ABOUT THIS EXERCISE: Reproduction of part of the material below, pictures omitted: copy exactly, and only, the lines starting with the one with "Porodo Mega Volt" and going on through the one with "imageCHARTOU Women Sweater".

RECORDS FOR THE TASK:
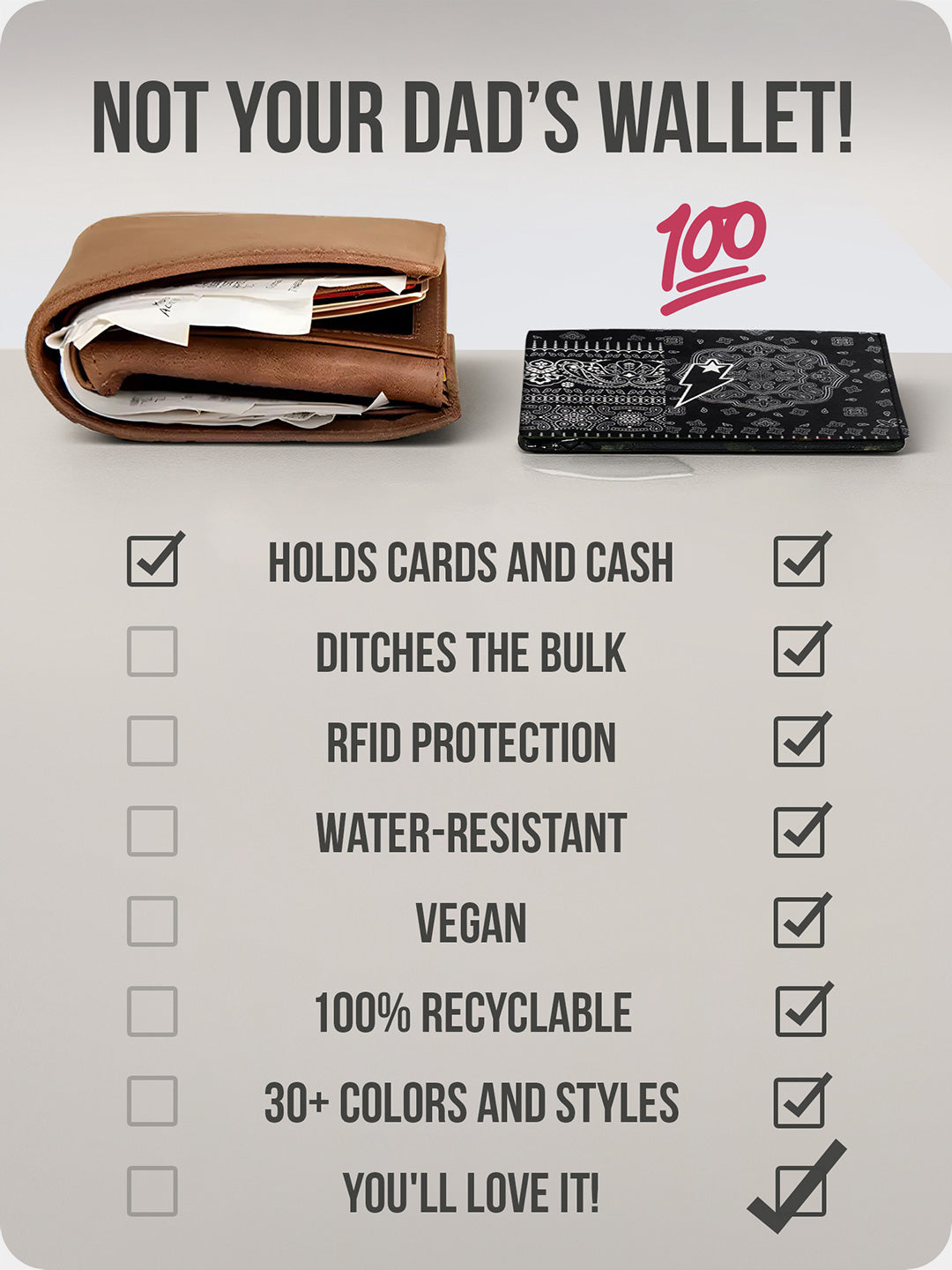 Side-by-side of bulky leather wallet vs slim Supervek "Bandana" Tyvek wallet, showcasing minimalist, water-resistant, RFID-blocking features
--
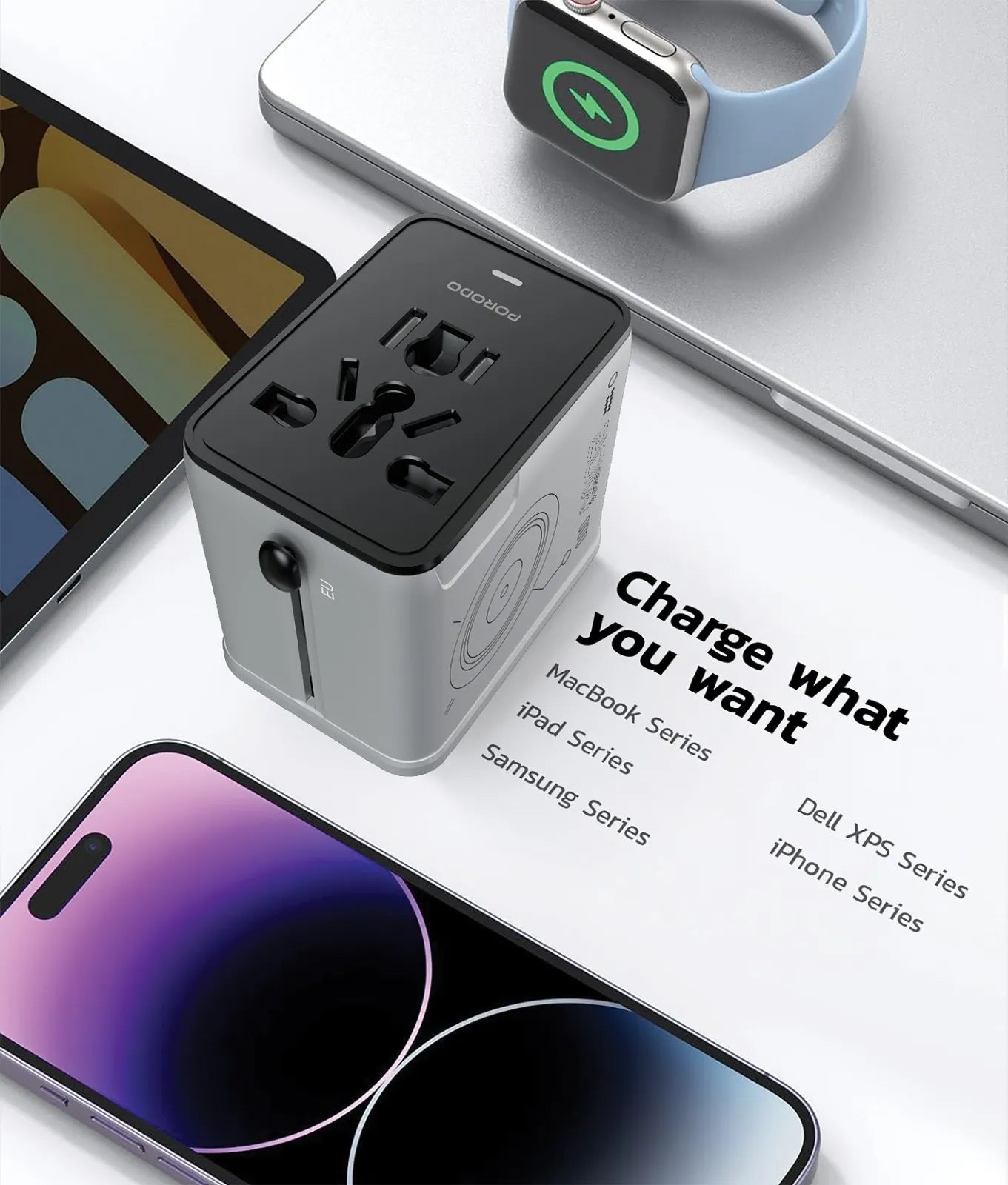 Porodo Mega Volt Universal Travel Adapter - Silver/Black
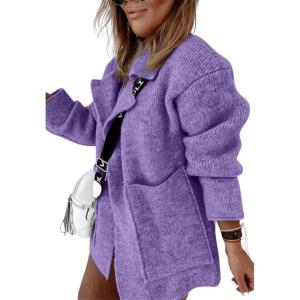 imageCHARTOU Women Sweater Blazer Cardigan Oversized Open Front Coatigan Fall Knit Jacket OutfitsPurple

OUTPUT:
 Porodo Mega Volt Universal Travel Adapter - Silver/Black
 imageCHARTOU Women Sweater Blazer Cardigan Oversized Open Front Coatigan Fall Knit Jacket OutfitsPurple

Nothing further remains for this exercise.